Eran las 12:53 p.m, hacía demasiado calor y estaba sentado en un banco de una plaza enorme llena de gente, de ruido, de globos de colores. El verano nunca me había sentado bien, no me gustaba el calor y las sensaciones que emana, así que decidí darle una buena patada y migrar en su época para decirle lo mucho que lo despreciaba.
Me senté en el banco, vi los globos, escuché todos los ruidos juntos y me acosté, me fui quedando dormido y abandoné ese cuerpo cansado y lleno de calor, me elevé y en ese momento recordé a El Principito de Exupéry cuando dejó su cuerpo en la tierra por ser muy pesado, me iba lejos y no podía llevar equipaje.
No me quería poner reflexivo ni mirar atrás, pensé en una encarnación que no me gustó, en una historia que debió ser contada diferente, en una soledad que me asfixiaba más que el calor del verano. Lamenté los daños, los vidrios rotos, las palabras no dichas, los mensajes no entregados.

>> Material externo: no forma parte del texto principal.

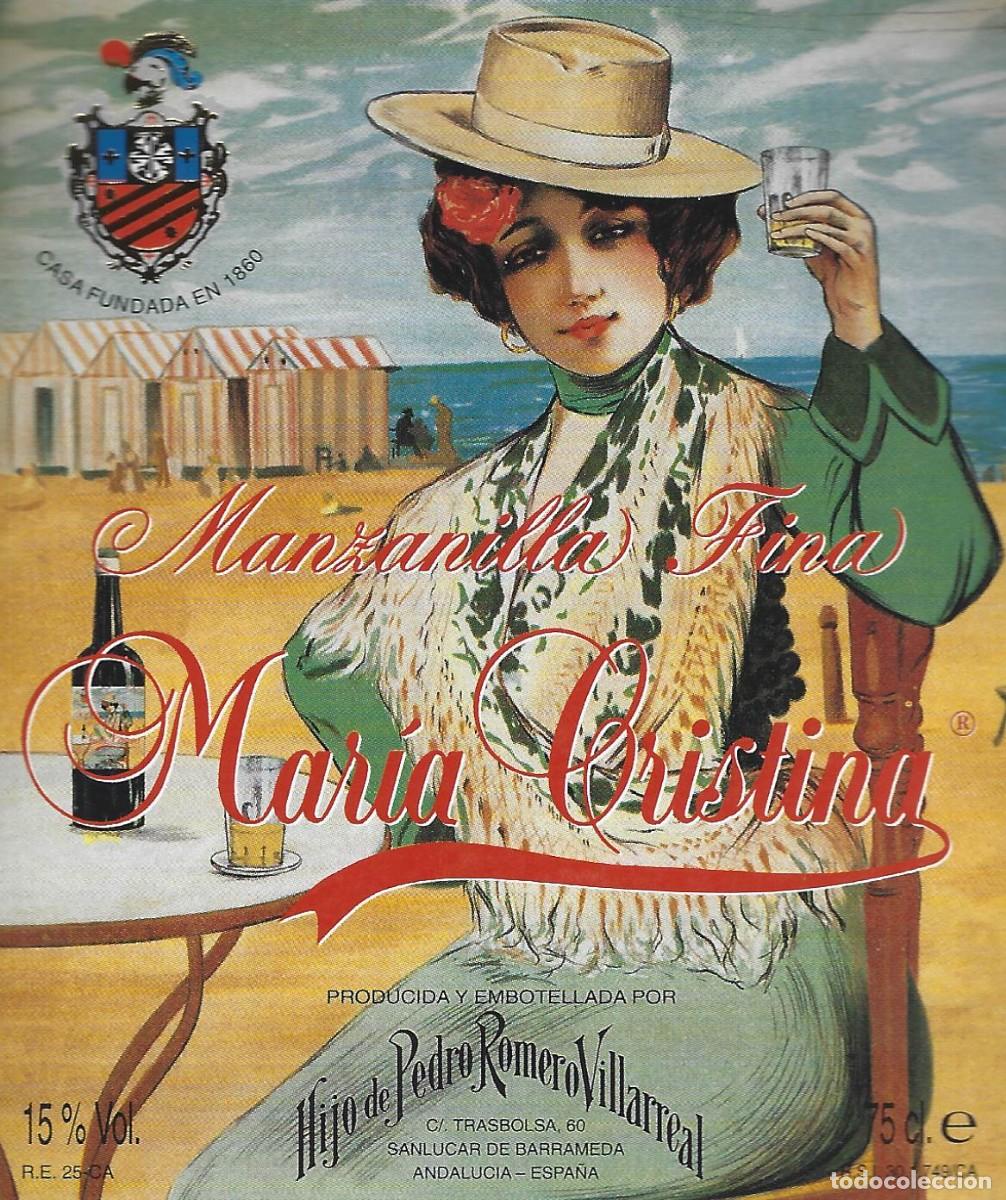 &Eacute;tiquettes anciennes: E2137 BODEGAS PEDRO ROMERO-MANZANILLA MARIA CRISTINA-0.75L-15%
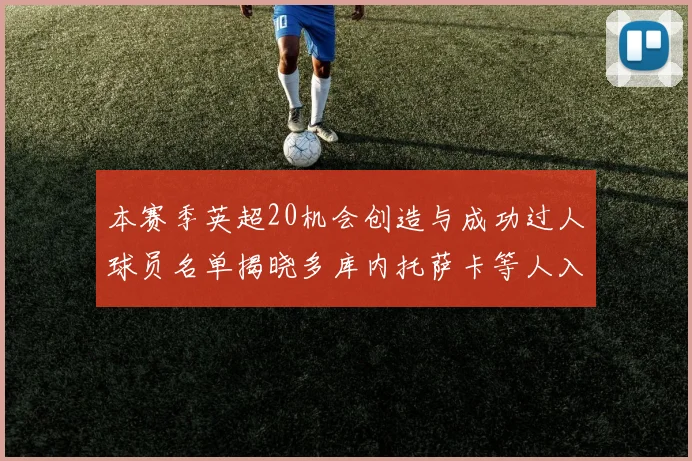 本赛季英超20机会创造与成功过人球员名单揭晓多库内托萨卡等人入选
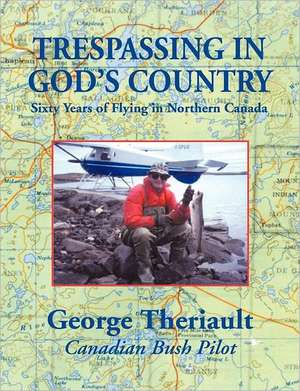 Trespassing in God's Country de George Theriault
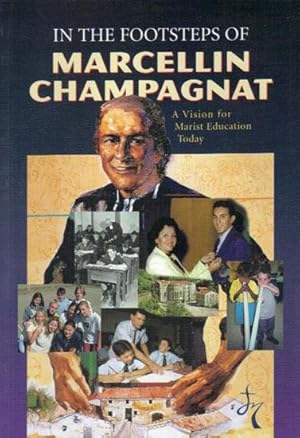 In the Footsteps of Marcellin Champagnat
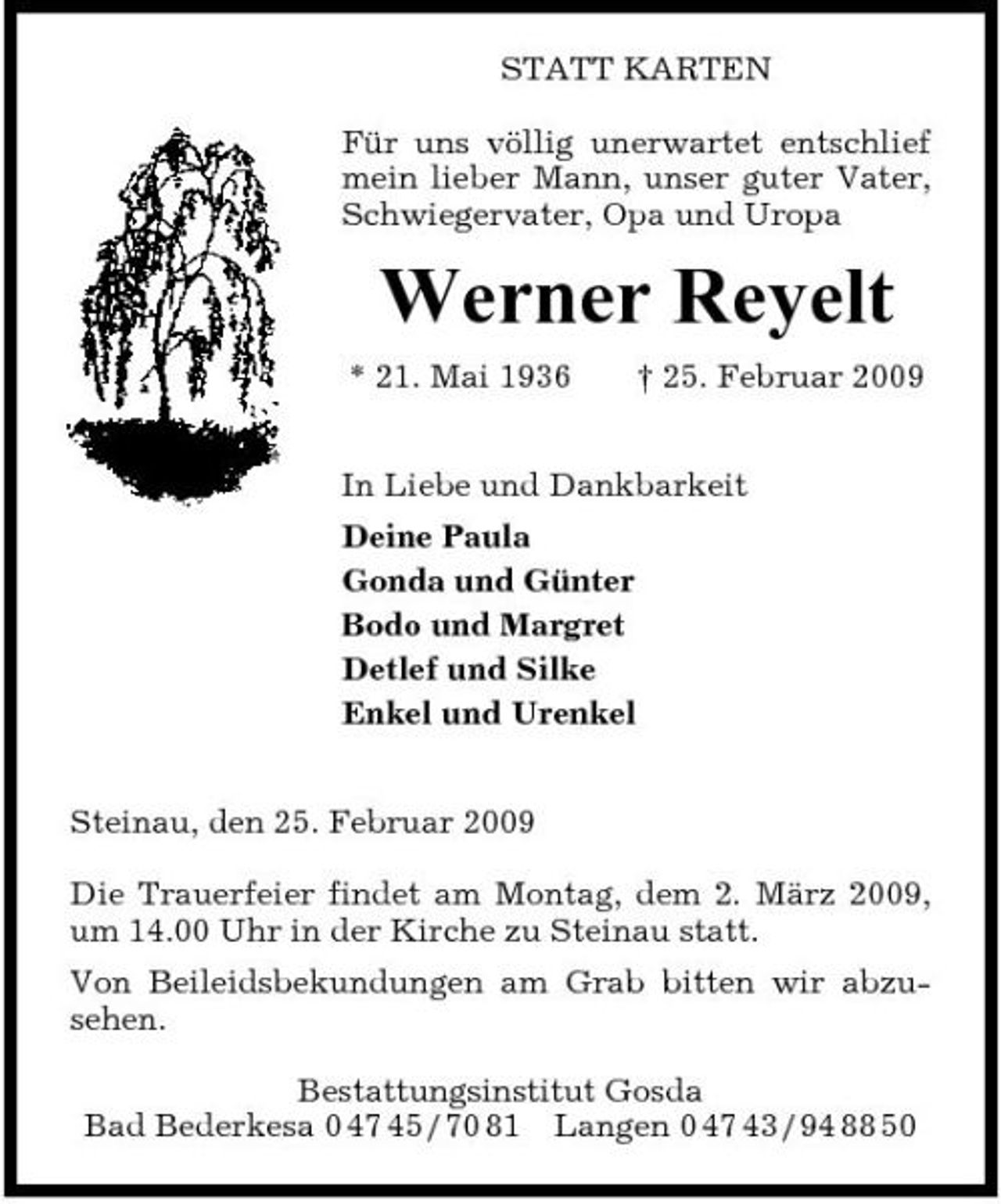 <p>STATT KARTEN Für uns völlig unerwartet entschlief mein lieber Mann, unser guter Vater, Schwiegervater, Opa und Uropa</p><p>Werner Reyelt<br />* 21. Mai 1936 † 25. Februar 2009 In Liebe und Dankbarkeit Deine Paula Gonda und Günter Bodo und Margret Detlef und Silke Enkel und Urenkel Steinau, den 25. Februar 2009 Die Trauerfeier findet am Montag, dem 2. März 2009, um 14.00 Uhr in der Kirche zu Steinau statt. Von Beileidsbekundungen am Grab bitten wir abzusehen. Bestattungsinstitut Gosda Bad Bederkesa 0 47 45 / 70 81 Langen 0 47 43 / 94 88 50</p>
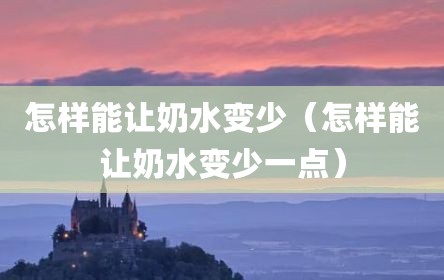 怎样能让奶水变少（怎样能让奶水变少一点）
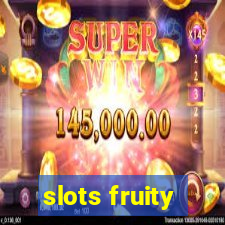 slots fruity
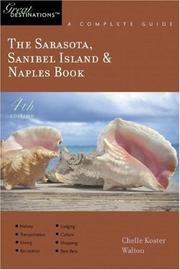 Cover of: The Sarasota, Sanibel Island & Naples Book: Great Destinations by Chelle Koster Walton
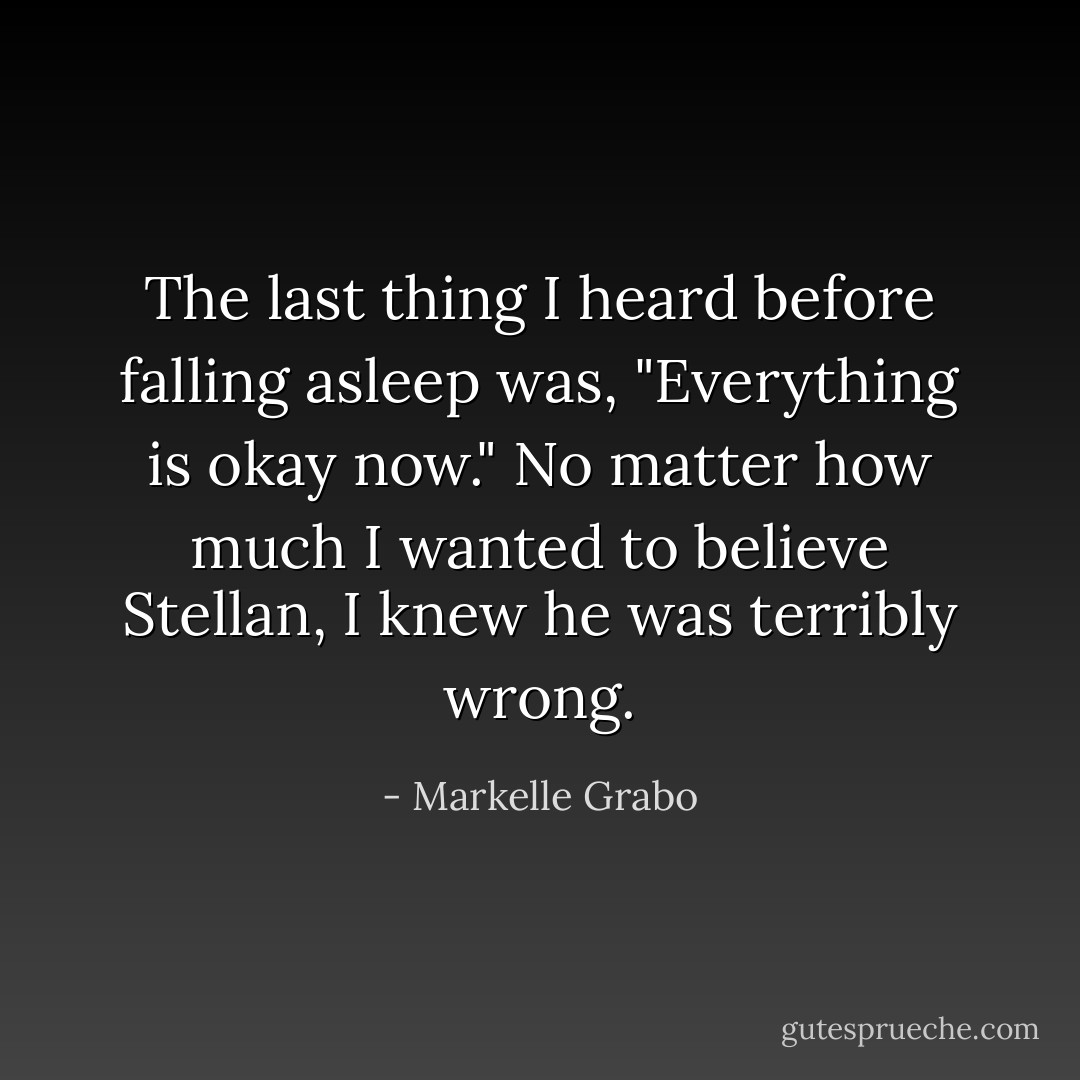 The last thing I heard before falling asleep was, "Everything is okay now."<br />No matter how much I wanted to believe Stellan, I knew he was terribly wrong. - Markelle Grabo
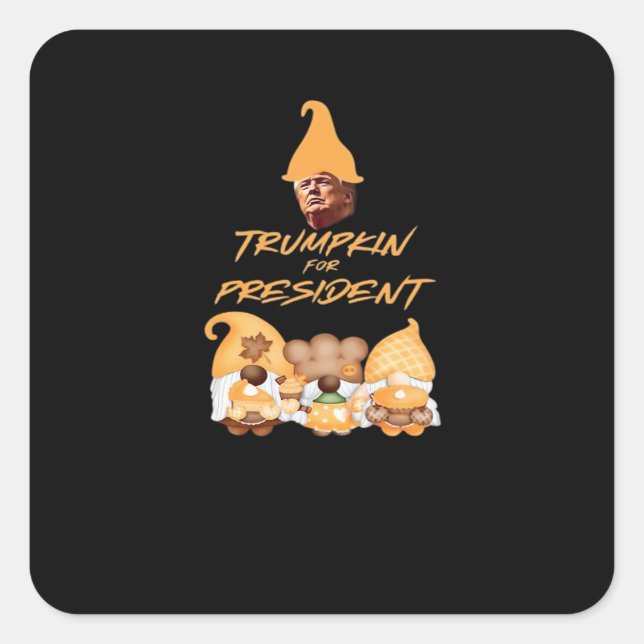 Gnome Sweet Gnome Vote Trumpkin Classic Square Sticker (Front)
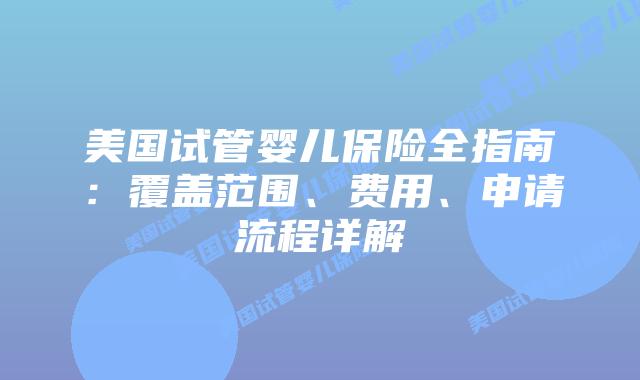 美国试管婴儿保险全指南:覆盖范围、费用、申请流程详解插图 美国试管婴儿保险全指南:覆盖范围、费用、申请流程详解插图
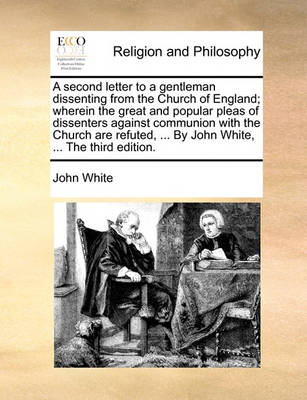 Book cover for A Second Letter to a Gentleman Dissenting from the Church of England; Wherein the Great and Popular Pleas of Dissenters Against Communion with the Church Are Refuted, ... by John White, ... the Third Edition.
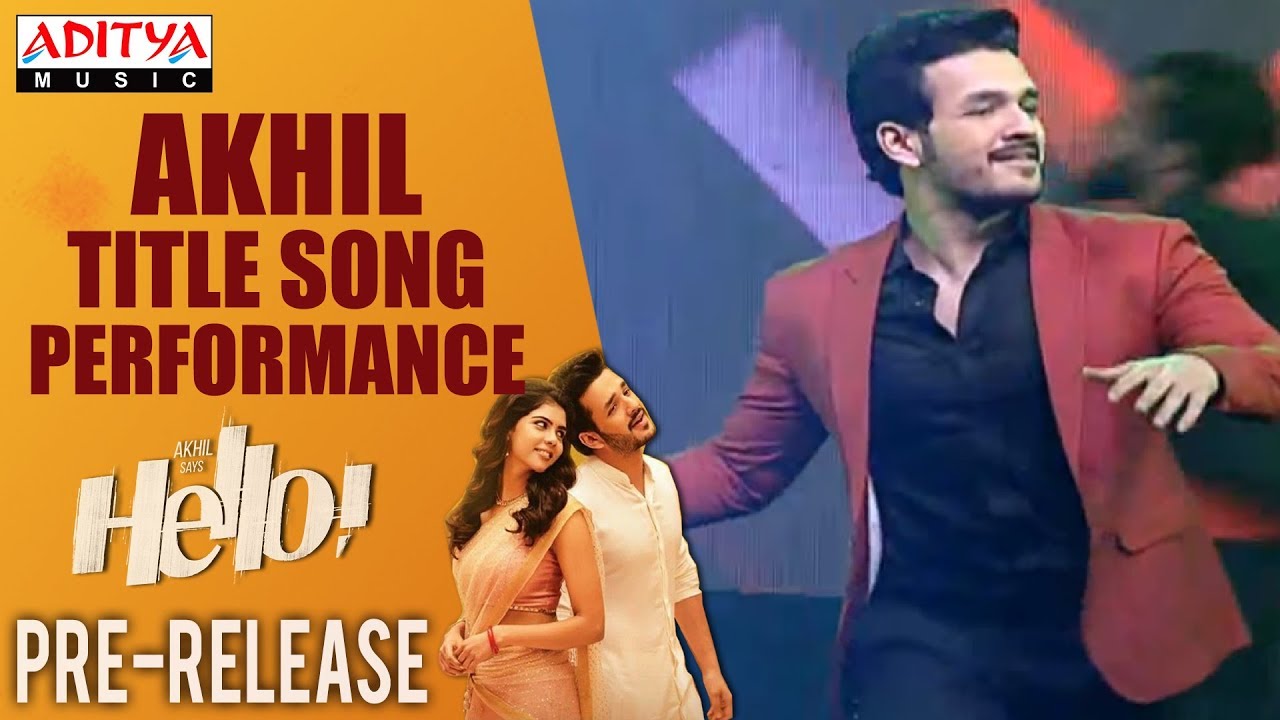 Hello Title Song Dance Performance By Akhil Hello Movie Pre Release Event Youtube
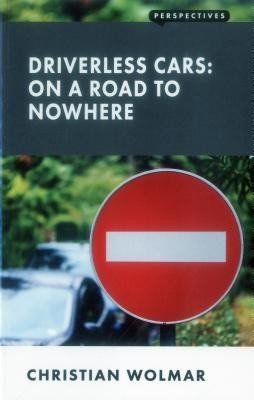 Driverless Cars: On a Road to Nowhere(English, Paperback, Wolmar Christian)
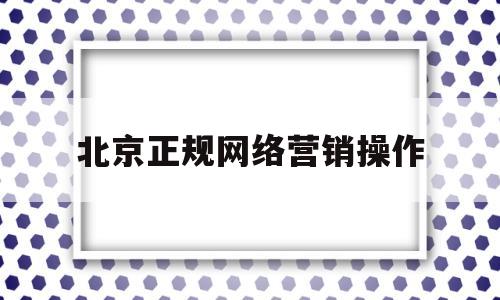 北京正规网络营销操作(北京正规网络营销操作培训机构)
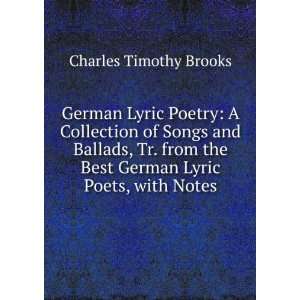   the Best German Lyric Poets, with Notes Charles Timothy Brooks Books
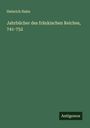 Heinrich Hahn: Jahrbücher des fränkischen Reiches, 741-752, Buch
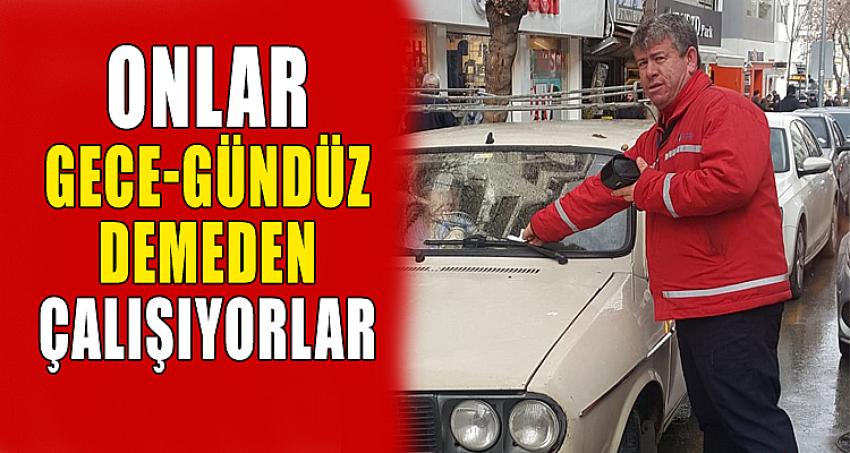 ONLAR GECE GÜNDÜZ DEMEDEN ÇALIŞIYORLAR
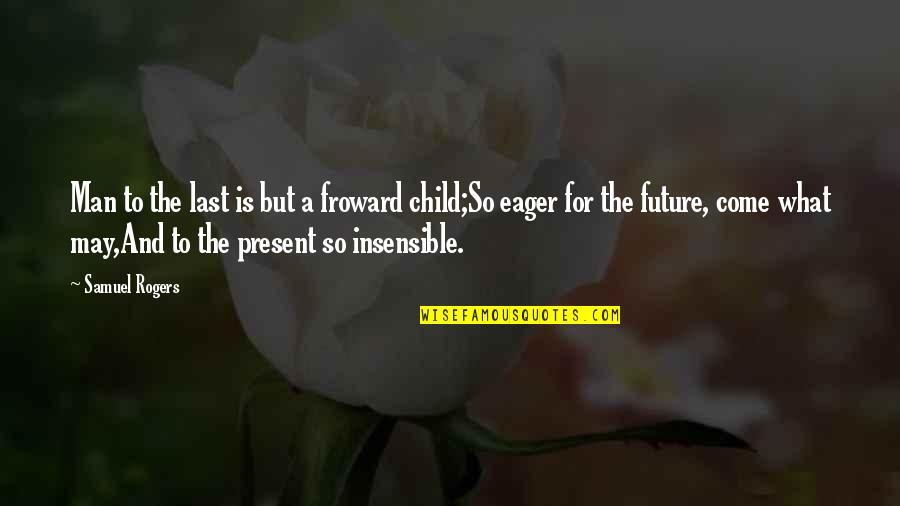 Last Child Quotes By Samuel Rogers: Man to the last is but a froward Last Child Quotes By Samuel Rogers: Man to the last is but a froward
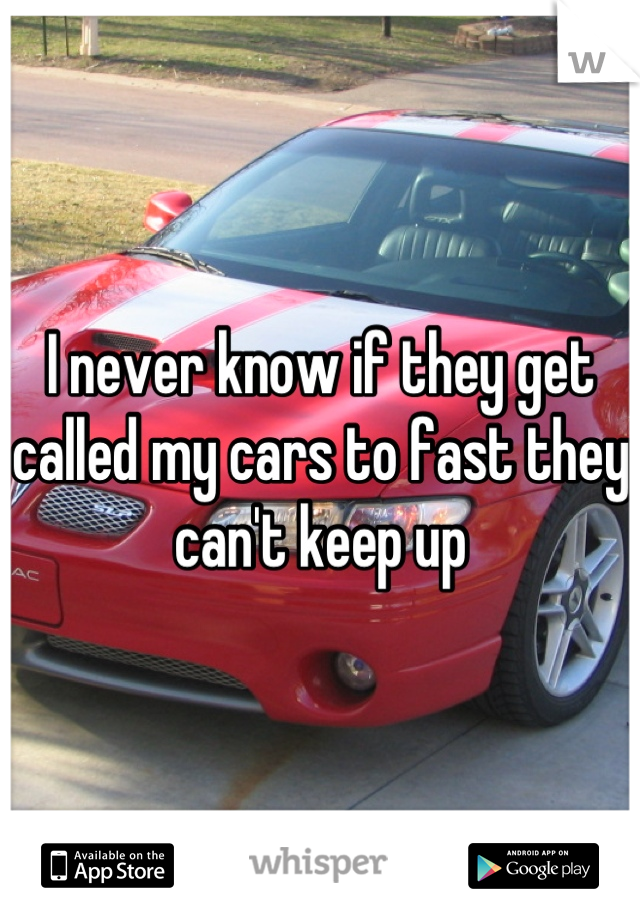 I never know if they get called my cars to fast they can't keep up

Esta migración hacia el alma del mundo es voluntaria, fue una decisión tomada con cautela, con cuidado y premeditación, me fui a una nueva luz, a ser parte de una energía que mueve universos, a descubrir, de la mano de algún cometa, otras galaxias que aún no han llegado a ser vistas por telescopios sofisticados.
Migré de mí para ser un nuevo yo, en un espacio repleto de oportunidades diferentes, migré de esto que no me gustó a una realidad distinta y desconocida, me despegué, acostado en esa banca y me alejé de los globos, el ruido y la gente. Migré de mí.